### [INSTRUCTIONS TO FOLLOW]
Your response should be an exact transcription of the data, images excluded.

### [RECORDED DATA]
+ + +
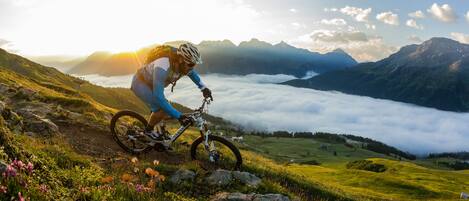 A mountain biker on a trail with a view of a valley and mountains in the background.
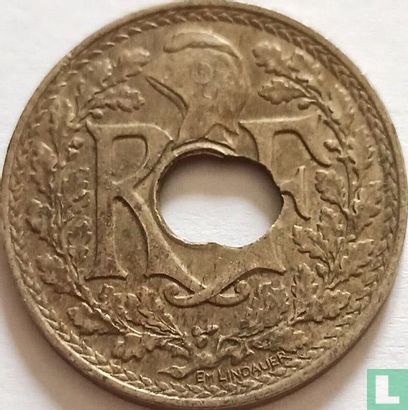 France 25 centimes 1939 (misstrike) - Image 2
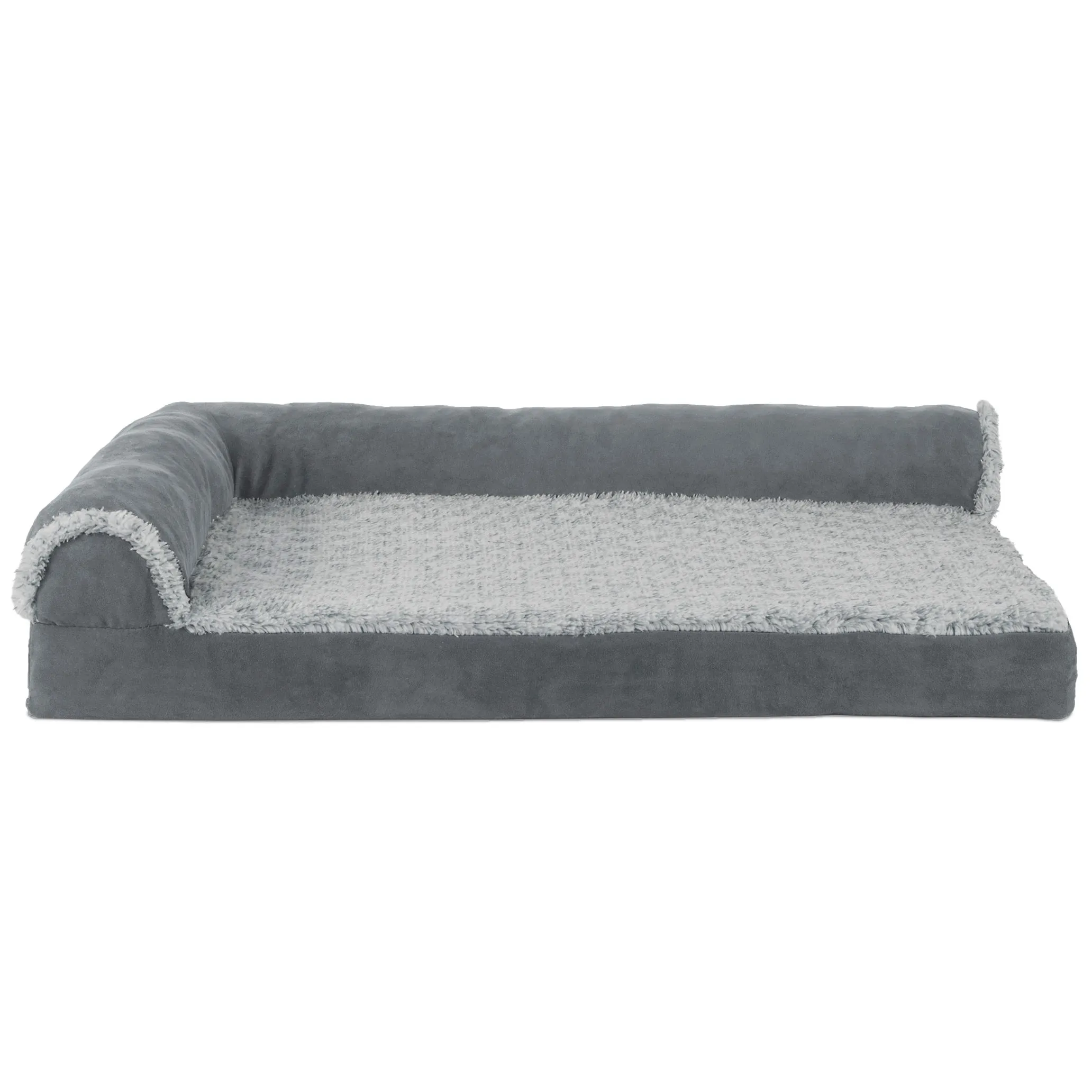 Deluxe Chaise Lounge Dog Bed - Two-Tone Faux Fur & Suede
+ + +
### [RESPONSE BOX]
 A mountain biker on a trail with a view of a valley and mountains in the background.
 France 25 centimes 1939 (misstrike) - Image 2
 Deluxe Chaise Lounge Dog Bed - Two-Tone Faux Fur & Suede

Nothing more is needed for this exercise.